Phew, that’s a lot of setup, but we’re almost there. All that’s left is creating a bundle for the audio plugin and describing the contents in a manifest .ttl. What’s a bundle exactly? Well a bundle is a directory that includes:

The plugin’s executable library
One ttl file per plugin in the library to define ports and describe features about the plugin
One manifest .ttl file providing metadata about what ttl files a host needs to look at

This manifest file makes searching through your plugin library a quick and efficient process for plugin hosts and as such you’re expected to have a tiny manifest. For this project it is:

@prefix lv2:  <http://lv2plug.in/ns/lv2core#> .
@prefix rdfs: <http://www.w3.org/2000/01/rdf-schema#> .

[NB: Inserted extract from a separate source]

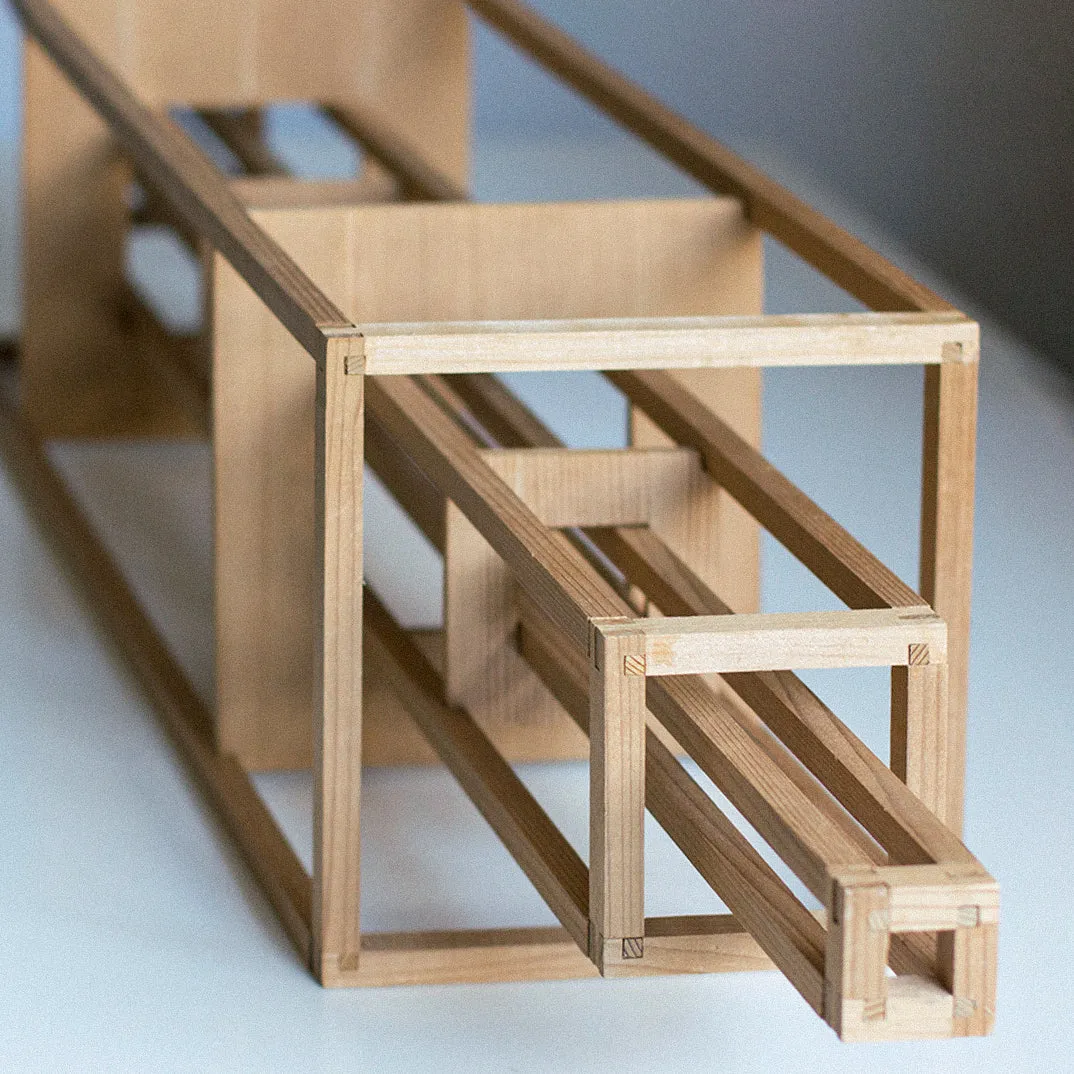 Klutsis Spatial Construction | Large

<http://lv2plug.in/plugins/eg-amp>
	a lv2:Plugin ;
	lv2:binary <amp.so>  ;
	rdfs:seeAlso <amp.ttl> .

In that manifest we define that:

The bundle only contains one plugin
The URI of that plugin
The files that the host needs to use the plugin.

Part 4: A recap

amp.c:

#include <lv2/lv2plug.in/ns/lv2core/lv2.h>
#define AMP_URI "http://lv2plug.in/plugins.eg-amp"

typedef struct {
    const float *gain;     //control input
    const float *data_in;  //audio  input
    float       *data_out; //audio output
} Amp;

typedef enum {
    AMP_GAIN,
    AMP_INPUT,
    AMP_OUTPUT
} PortIndex;

static void activate(LV2_Handle instance) {}
static void deactivate(LV2_Handle instance) {}
static const char *extension_data(const char *uri) { return NULL; }

static LV2_Handle instantiate(const LV2_Descriptor *,
double, const char *, const LV2_Features**) { return calloc(sizeof(Amp)); }
static void cleanup(LV2_Handle instance) { free(instance) };

static void
connect_port(LV2_Handle instance,
             uint32_t   port,
             void*      data)
{
	Amp* amp = (Amp*)instance;

	switch ((PortIndex)port) {
	case AMP_GAIN: amp->gain = (const float*)data; break;
	case AMP_INPUT: amp->input = (const float*)data; break;
	case AMP_OUTPUT: amp->output = (float*)data; break;
	}
}

#define DB_CO(g) ((g) > -90.0f ? powf(10.0f, (g) * 0.05f) : 0.0f)

static void
run(LV2_Handle instance, uint32_t n_samples)
{
	const Amp* amp = (const Amp*)instance;

	const float        gain   = *(amp->gain);
	const float* const input  = amp->input;
	float* const       output = amp->output;

	const float coef = DB_CO(gain);

	for (uint32_t i = 0; i < n_samples; ++i)
		output[i] = input[i] * coef;
}

static const LV2_Descriptor descriptor = {
	AMP_URI,
	instantiate,
	connect_port,
	activate,
	run,
	deactivate,
	cleanup,
	extension_data
};

LV2_SYMBOL_EXPORT
const LV2_Descriptor*
lv2_descriptor(uint32_t index)
{
	switch (index) {
	case 0:  return &descriptor;
	default: return NULL;
	}
}

amp.ttl:

@prefix doap:  <http://usefulinc.com/ns/doap#> .
@prefix lv2:   <http://lv2plug.in/ns/lv2core#> .
@prefix rdf:   <http://www.w3.org/1999/02/22-rdf-syntax-ns#> .
@prefix rdfs:  <http://www.w3.org/2000/01/rdf-schema#> .
@prefix units: <http://lv2plug.in/ns/extensions/units#> .
<http://lv2plug.in/plugins/eg-amp>
    a lv2:Plugin ;
	lv2:project <http://lv2plug.in/ns/lv2> ;
	doap:name "Simple Amplifier" ;
	doap:license <http://opensource.org/licenses/isc> ;
	lv2:optionalFeature lv2:hardRTCapable ;
	lv2:port [
		a lv2:InputPort , lv2:ControlPort ;
		lv2:index 0 ;
		lv2:symbol "gain" ;
		lv2:name "Gain"
		lv2:default 0.0 ;
		lv2:minimum -90.0 ;
		lv2:maximum 24.0 ;
		units:unit units:db ;
	] , [
		a lv2:AudioPort , lv2:InputPort ;
		lv2:index 1 ;
		lv2:symbol "in" ;
		lv2:name "In"
	] , [
		a lv2:AudioPort , lv2:OutputPort ;
		lv2:index 2 ;
		lv2:symbol "out" ;
		lv2:name "Out"
	] .

manifest.ttl:

@prefix lv2:  <http://lv2plug.in/ns/lv2core#> .
@prefix rdfs: <http://www.w3.org/2000/01/rdf-schema#> .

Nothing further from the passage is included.